In the introduction, Greene sets up a contrast between logic, meant to instruct, and fiction, meant to entertain, and who better to illustrate this constant than Sherlock Holmes and Doctor Watson? It’s no accident, Greene wants to argue (pp. 1–2), that Holmes is a perennial touchstone in philosophical accounts of problems of fiction. (Indeed, as I often lament to my students, if you read classical philosophy of fiction, especially that bit of it interested in questions of language and ontology, you might come away with the forgivably understanding that the only fictional objects out there are Santa Claus, Pegasus, and Sherlock Holmes.) This is due (in part) to the fact that “analytic philosophers do not include literary criticism in their discussion of fiction” (p. 2), so they can be completely comfortable in their very narrow view of what fiction is and what it can contribute to philosophical discourse.

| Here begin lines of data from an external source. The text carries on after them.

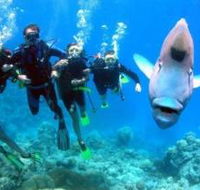 Henderson's Rock Dive Site - Accommodation Coffs Harbour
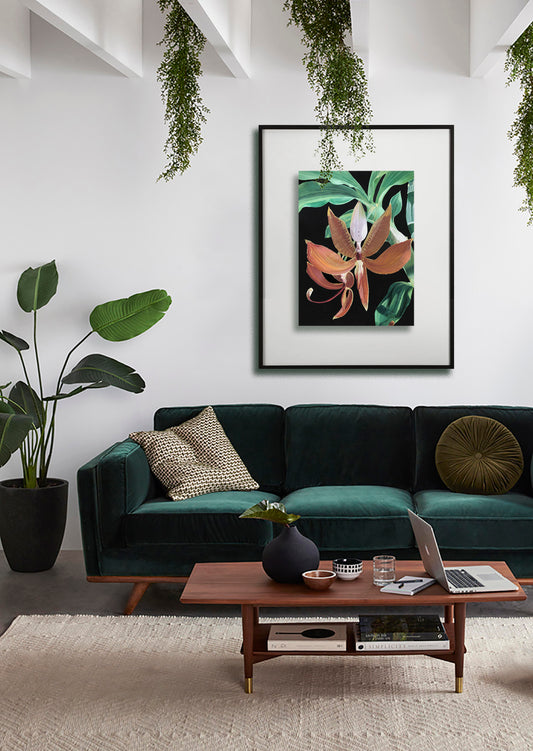 Cycnoches Orchid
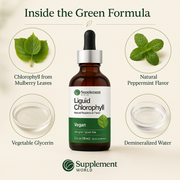 Liquid Chlorophyll Drops for Internal Freshness, Skin Health & Antioxidant Support – Peppermint Flavor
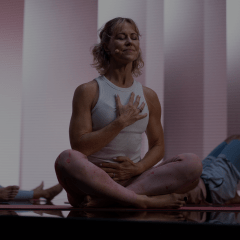 240x240-q4-releases.png (1)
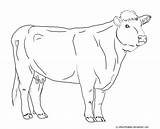 Cow Hereford Line Deviantart sketch template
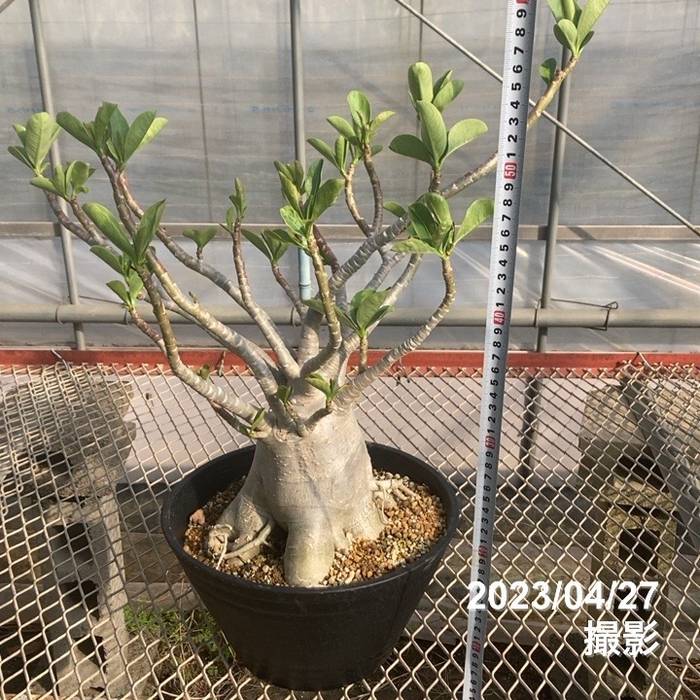 貴重】【実生株】アデニウム・ソコトラナム 砂漠の薔薇 楽天市場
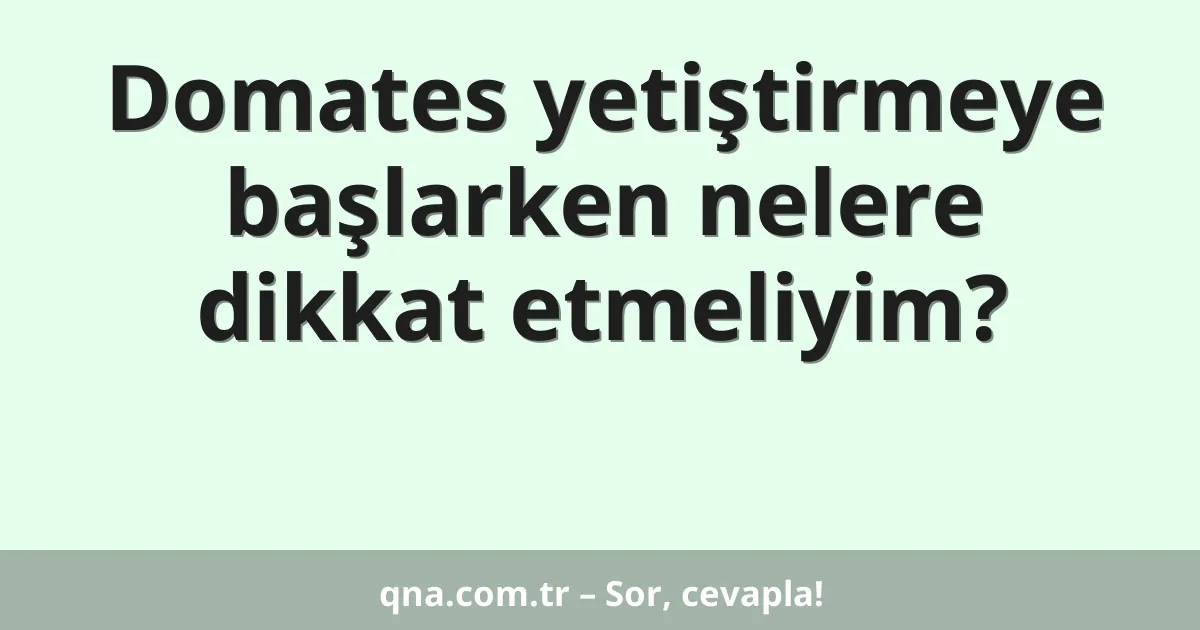 Domates yetiştirmeye başlarken nelere dikkat etmeliyim?
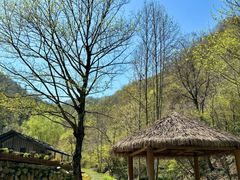 -苍龙峡风景区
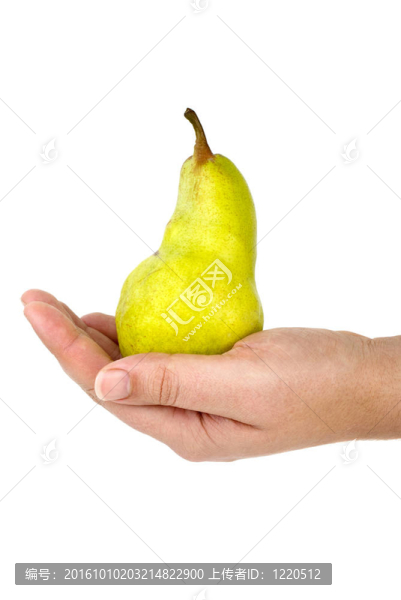 掌抱青梨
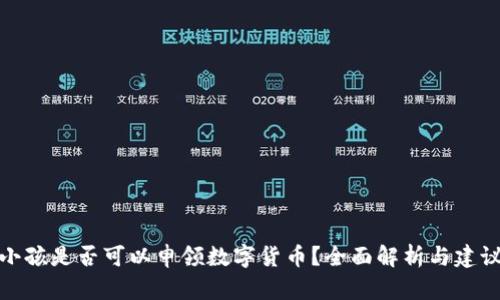 小孩是否可以申领数字货币？全面解析与建议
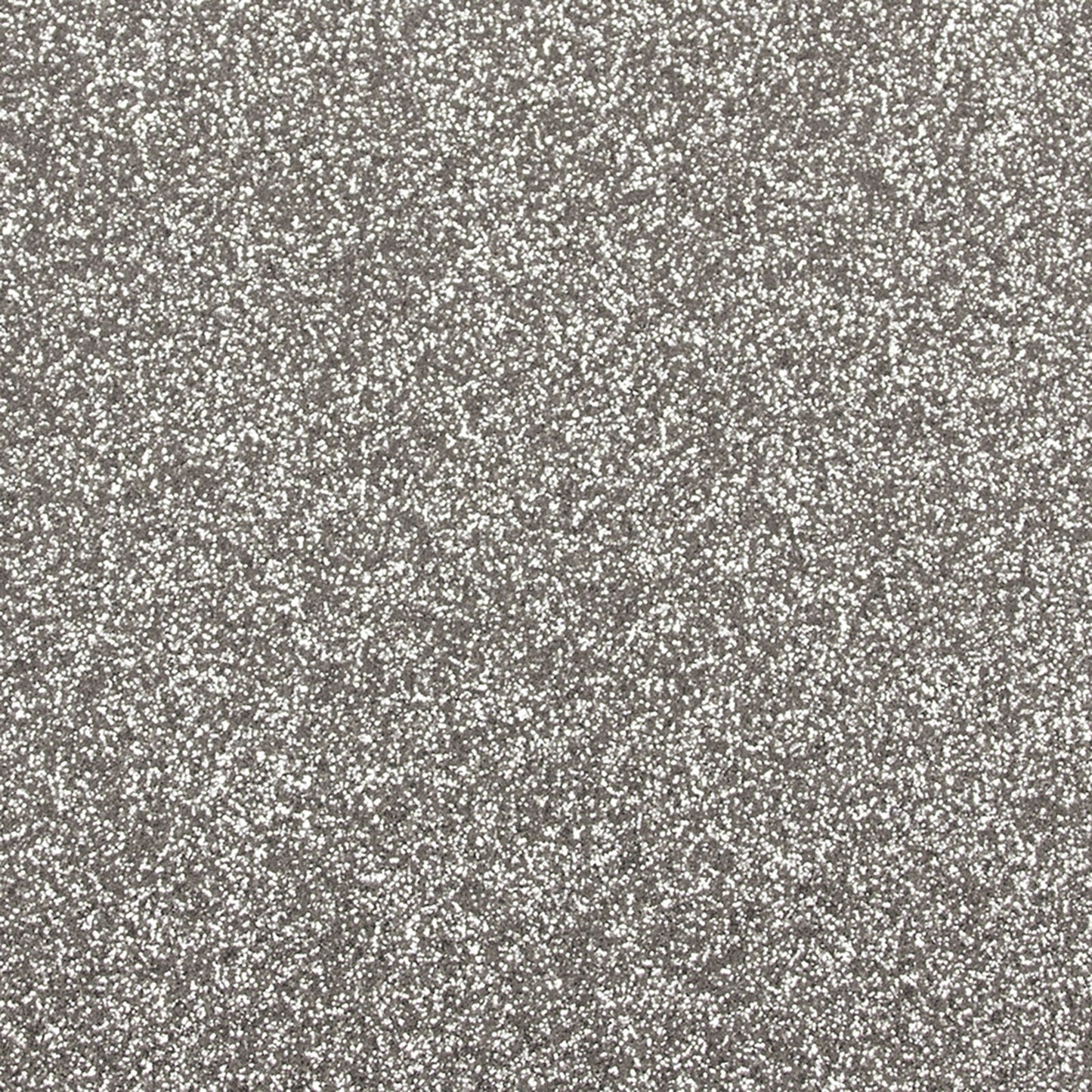 Craft Perfect par Tonic Studios Craft Perfect • paillettes A4 5 feuilles 250 g écran argenté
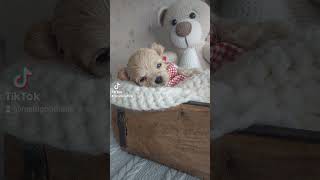 cutest puppy ever mini maltipoo [upl. by Merth121]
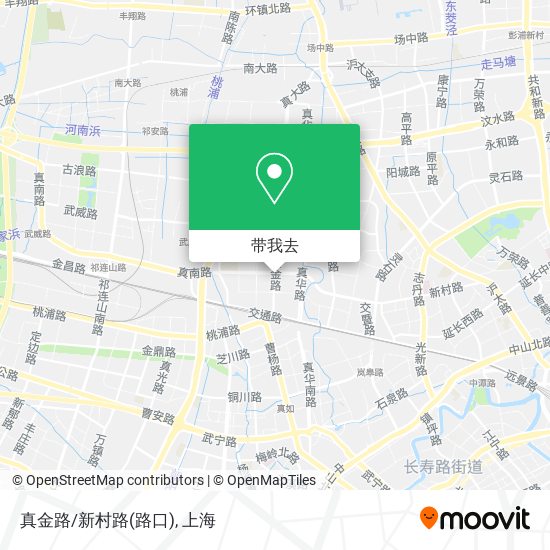 真金路/新村路(路口)地图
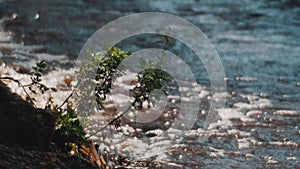 Plant growing on a water shore swinging in wind in front of big waves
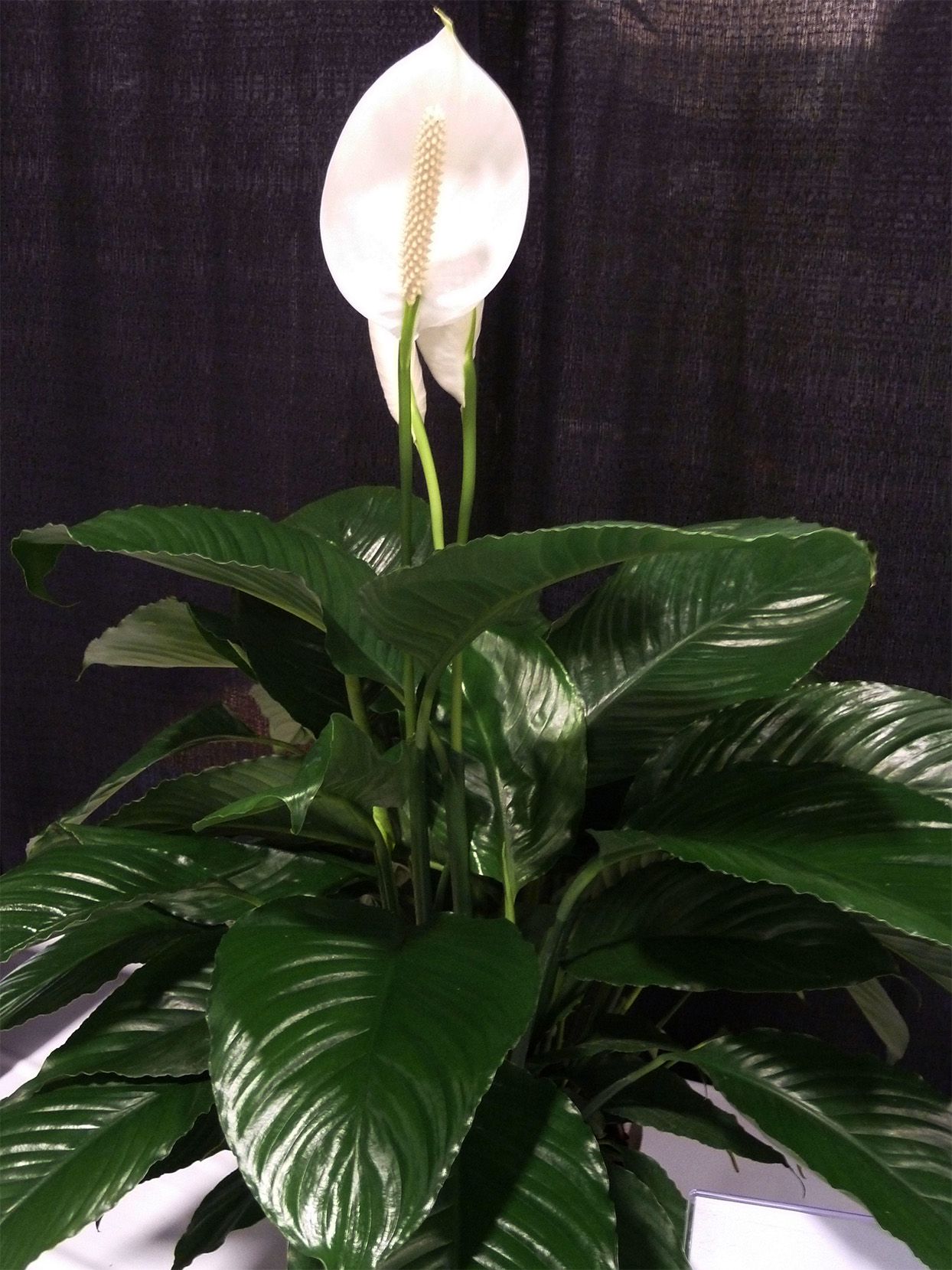 Мирная лилия комнатное растение фото How to Grow and Care for Peace Lily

Greene comes to the topic of logical fictions (paradoxes, puzzles, nonexistent objects, etc.) from the side of literary criticism, not logic or philosophy, but to be fair she notes that “literary scholars are generally not interested in what analytic philosophers have to say about fiction” (p. 2). Given this state of things, Greene’s attempt to bridge this gap is admirable, and makes me excited to see whether she’s successful, or whether her lack of background in analytic philosophy and logic will let her down in her analysis of the logical content of the medieval texts. The remainder of the introduction is a summary of the various chapters, each of which is just detailed enough to both tempt me and worry me.